[Material provided]
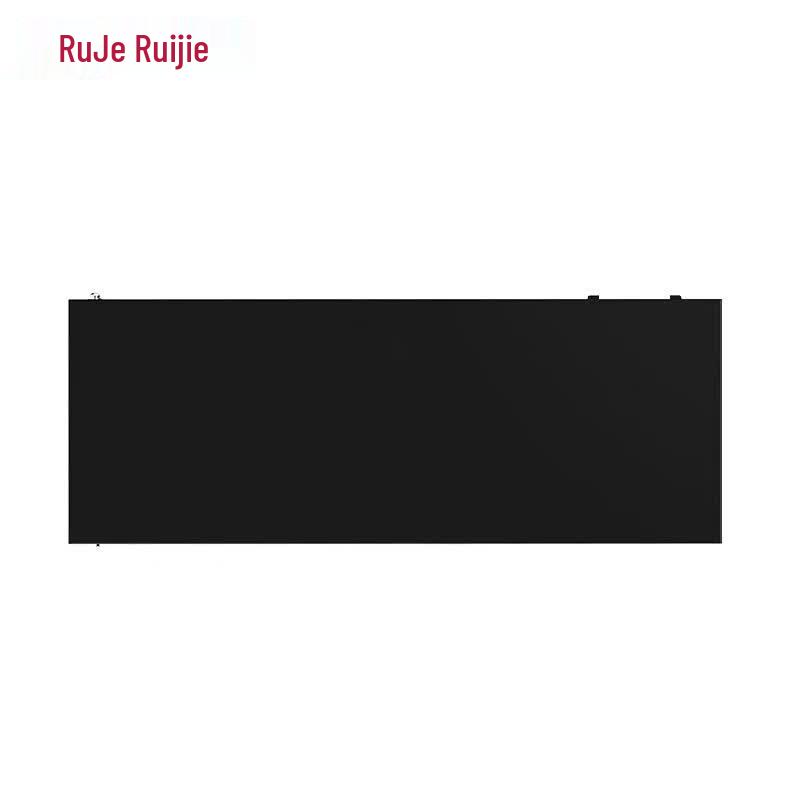 Ruijie 24-Port Gigabit Unmanaged Switch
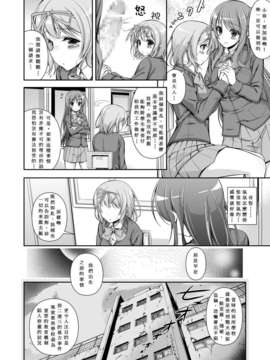 [汉化][まっさら島] 生徒会役員の特別業務_013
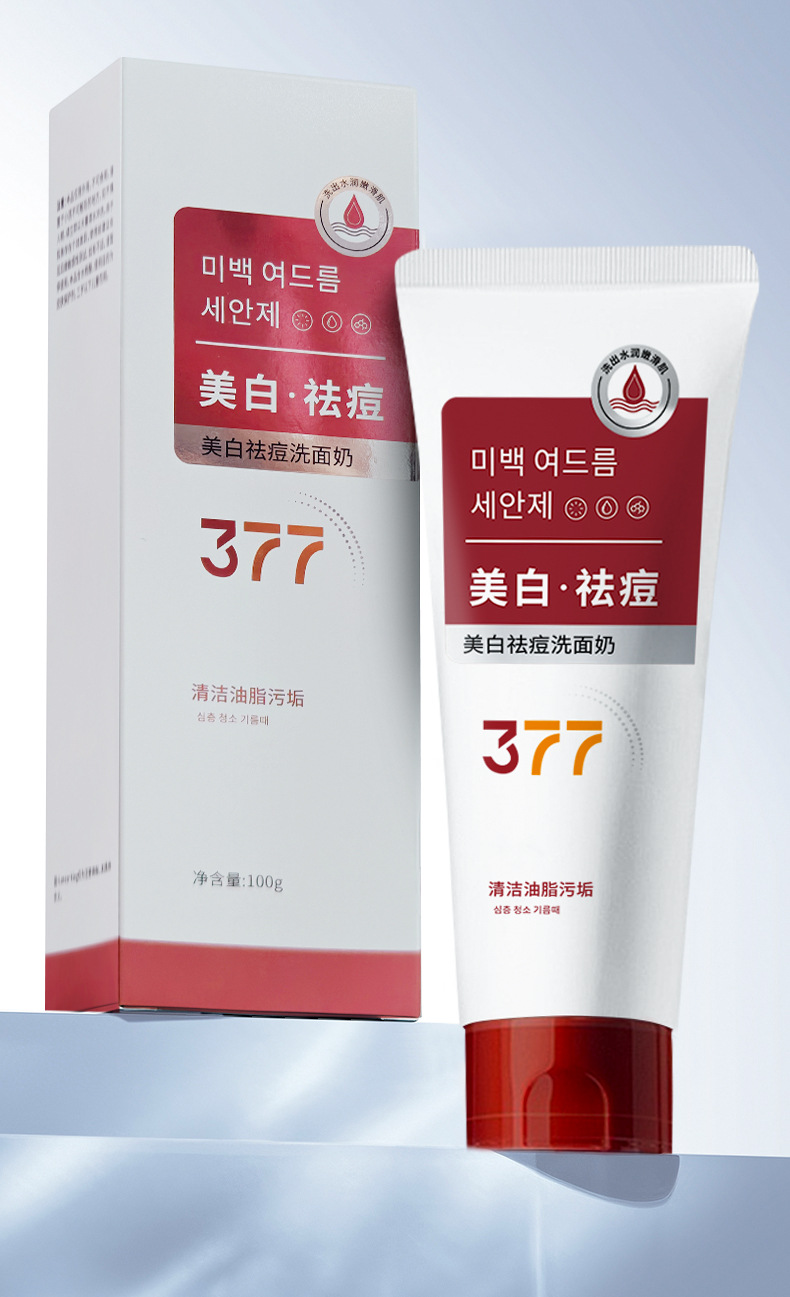 377美白淡斑水乳霜精华套装补水保湿提亮肤色377烟酰胺护肤品批发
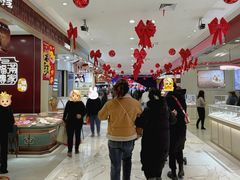 -铜锣湾国际购物中心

[To do]
Transcribe the listing above in full and exactly; no pictures belong in the copy.

[Solution below]
 Ruijie 24-Port Gigabit Unmanaged Switch
 [汉化][まっさら島] 生徒会役員の特別業務_013
 377美白淡斑水乳霜精华套装补水保湿提亮肤色377烟酰胺护肤品批发
 -铜锣湾国际购物中心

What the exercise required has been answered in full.